2009年5月17日(日)「しんぶん赤旗」

民主代表選

金権腐敗疑惑はどこに

小沢氏の「開き直り」を共有


 民主党代表選は鳩山由紀夫前幹事長を新代表に選出して終わりました。鳩山氏は代表就任記者会見で、西松建設の違法献金疑惑で国民になんら説明を果たしていない小沢一郎前代表について、「できるだけしっかりとしたポストについていただきたい」と、新体制で重要ポストに起用する考えを示しました。

 今回の代表選は西松疑惑での国民の厳しい批判を前に小沢氏が辞任に追い込まれたことによるものです。

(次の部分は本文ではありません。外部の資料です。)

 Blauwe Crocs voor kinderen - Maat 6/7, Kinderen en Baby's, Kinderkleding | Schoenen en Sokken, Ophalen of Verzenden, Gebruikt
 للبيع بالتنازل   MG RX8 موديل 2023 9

そうであるなら民主党としてこの金権腐敗疑惑の解明に正面から向かい、国民に明らかにするのは当然です。ところが民主党は、一番問われたことにまったく答えないままでした。問題をなんら解決しなかったどころか、矛盾をいっそう深めました。

擁護の先頭に

 そもそも小沢執行部の要である幹事長の職にあり、小沢氏の秘書の逮捕直後から「国策捜査」・検察批判を展開して小沢氏擁護の先頭に立ったのが鳩山氏です。同氏が小沢氏の後継として名乗りを上げること自体、国民の疑問・批判に背を向けるものでした。

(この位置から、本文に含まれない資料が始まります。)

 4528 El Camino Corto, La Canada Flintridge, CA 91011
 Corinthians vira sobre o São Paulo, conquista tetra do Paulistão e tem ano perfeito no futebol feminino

 小沢グループの幹部議員の一人は「小沢は責任を取ったのではない。選挙のための政治判断で辞めた。だから鳩山には立候補の資格がある」とのべました。小沢氏は辞任会見(十一日)で「一点のやましいところもない」と「身の潔白」を強調しました。

 問題は、この開き直りの「論理」を鳩山氏が受け入れたことです。鳩山氏は出馬会見で、「(小沢氏は)挙党体制になるために職を辞された」、「政治資金規正法違反にはあたらない」(十四日)と述べました。ゼネコンから献金をもらって当然とする金権体質が、民主党全体のものといわれても仕方ありません。

責任あいまい

 対抗馬だった岡田克也氏も、党副代表でありながら、「小沢氏の自発的辞任を待つ」という態度で、その責任をあいまいにしてきました。

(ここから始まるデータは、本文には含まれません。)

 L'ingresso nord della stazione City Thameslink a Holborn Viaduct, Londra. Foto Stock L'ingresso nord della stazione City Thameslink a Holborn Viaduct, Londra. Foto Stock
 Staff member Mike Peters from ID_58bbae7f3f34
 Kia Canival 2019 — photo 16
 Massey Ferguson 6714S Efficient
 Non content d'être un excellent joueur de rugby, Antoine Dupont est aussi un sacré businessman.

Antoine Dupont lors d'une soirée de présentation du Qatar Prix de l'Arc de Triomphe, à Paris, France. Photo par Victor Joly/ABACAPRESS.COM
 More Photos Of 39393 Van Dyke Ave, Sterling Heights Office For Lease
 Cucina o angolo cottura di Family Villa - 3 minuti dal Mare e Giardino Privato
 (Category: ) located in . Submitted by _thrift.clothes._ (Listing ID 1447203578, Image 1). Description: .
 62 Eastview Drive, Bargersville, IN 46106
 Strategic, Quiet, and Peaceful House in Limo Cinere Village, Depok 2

 民主党内からも「小沢氏と責任を共有するはずの鳩山氏と岡田氏の『二者択一』の選挙という構造自体がおかしい」、「西松問題を正面から解明する姿勢を示せなければ民主党の再生はない」という不満の声が出されていました。

 実際、選挙当日の政見演説で鳩山・岡田両氏は、西松建設の違法献金問題には最後まで一言も触れませんでした。記者団の質問に対しても、小沢氏個人の問題であるとし、党として解決の姿勢を示しませんでした。

 その根本には、企業団体献金が、カネの力で政治をゆがめる議会制民主主義の根幹にかかわる大問題だという民主的感覚の欠如があります。

 「友愛」を掲げた鳩山氏も、「みんなの幸せを後押ししたい」と述べた岡田氏も、深刻化する雇用情勢に対して、派遣切りをやめさせることや、派遣労働を原則禁止することなどの課題には触れず、「構造改革」を自民党と競い合ってきたことへの反省も口にしませんでした。「官僚支配」の背後にある大企業に正面からモノを言うことができないのは、企業献金の問題できっぱりとした態度が取れないことと無関係ではありません。(中祖寅一)


新代表の横顔 改憲派議連の顧問

 祖父は鳩山一郎元首相、父・威一郎氏は元外相の世襲政治家。弟の邦夫氏は麻生内閣の現総務相です。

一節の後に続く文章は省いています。